Given BC Hydro’s most recently available capacity load resource balance forecasts, from their F2017-F2019 revenue requirements application, it can be confidently assumed that a key challenge in developing the next IRP will be overcoming an impending capacity shortfall. This challenge will only be made more difficult by both impending industrial development in Northern BC and the restrictions imposed on BC Hydro’s resource generation options by government through the CEA. The former adds future load uncertainty to the equation, while the latter restricts the possible ways BC Hydro can meet growing demand.
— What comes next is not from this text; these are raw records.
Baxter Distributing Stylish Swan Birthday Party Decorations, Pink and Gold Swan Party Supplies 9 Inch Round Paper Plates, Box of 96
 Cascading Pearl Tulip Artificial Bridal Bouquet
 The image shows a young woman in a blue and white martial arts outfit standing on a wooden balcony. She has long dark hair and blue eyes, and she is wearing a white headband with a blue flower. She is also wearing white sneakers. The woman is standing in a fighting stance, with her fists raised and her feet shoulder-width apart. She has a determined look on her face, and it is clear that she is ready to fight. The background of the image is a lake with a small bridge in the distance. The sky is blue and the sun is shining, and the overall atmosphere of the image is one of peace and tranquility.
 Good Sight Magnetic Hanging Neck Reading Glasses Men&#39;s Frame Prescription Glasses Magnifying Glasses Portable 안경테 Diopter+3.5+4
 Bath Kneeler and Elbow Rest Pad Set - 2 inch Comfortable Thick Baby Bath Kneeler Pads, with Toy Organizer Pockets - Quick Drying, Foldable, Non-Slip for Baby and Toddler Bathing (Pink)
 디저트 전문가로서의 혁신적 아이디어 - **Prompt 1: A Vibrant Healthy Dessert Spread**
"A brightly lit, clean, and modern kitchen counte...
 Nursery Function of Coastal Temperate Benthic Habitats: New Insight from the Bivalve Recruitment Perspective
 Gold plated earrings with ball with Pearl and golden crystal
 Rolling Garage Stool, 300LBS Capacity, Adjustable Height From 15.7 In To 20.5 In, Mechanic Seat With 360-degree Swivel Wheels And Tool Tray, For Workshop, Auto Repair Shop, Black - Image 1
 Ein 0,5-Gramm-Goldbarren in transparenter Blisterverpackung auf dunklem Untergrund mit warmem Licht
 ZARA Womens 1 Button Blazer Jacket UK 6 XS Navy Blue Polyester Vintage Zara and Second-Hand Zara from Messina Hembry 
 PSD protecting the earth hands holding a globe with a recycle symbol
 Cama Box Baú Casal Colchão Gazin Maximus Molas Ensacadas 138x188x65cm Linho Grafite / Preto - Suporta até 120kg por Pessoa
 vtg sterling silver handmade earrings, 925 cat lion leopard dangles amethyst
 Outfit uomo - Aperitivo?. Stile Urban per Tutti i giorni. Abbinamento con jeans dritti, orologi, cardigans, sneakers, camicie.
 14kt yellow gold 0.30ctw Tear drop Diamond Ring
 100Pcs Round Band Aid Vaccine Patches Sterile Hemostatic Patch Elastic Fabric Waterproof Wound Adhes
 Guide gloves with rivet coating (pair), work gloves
This paper analyses the challenges facing BC Hydro and Government in developing the next IRP, considers the influence of the British Columbia Utilities Commission (the “BCUC”), and discusses the potential outcomes and key implications of the IRP development process.
BC HYDRO’S FORECASTS
BC Hydro’s most recent capacity load resource balance forecast can be found in the utilities’ F2017-F2019 revenue requirements application (“RRA”). These forecasts contemplate supply side capacity resources and future demand, while considering projected demand side management (“DSM”) measures. It is critical to note that the ability of BC Hydro to succeed with these ambitious DSM measures deserves to be questioned. However, even if the entirety of the anticipated savings from the 2016 DSM plan are taken into account, BC Hydro’s own modelling projects a capacity shortfall in 2023. The model projects this shortfall to be temporarily eliminated in 2025 as greater DSM savings accrue and Revelstoke 6 comes online. However, by 2029 a capacity shortfall returns and is projected indefinitely.
BC Hydro has since released the F2020-2021 RRA. This review does not include an updated capacity specific load resource forecast. However, it does provide the most recent energy load forecast based on projected sales. In this latest forecast, increasing energy demand in the province is projected moving forward.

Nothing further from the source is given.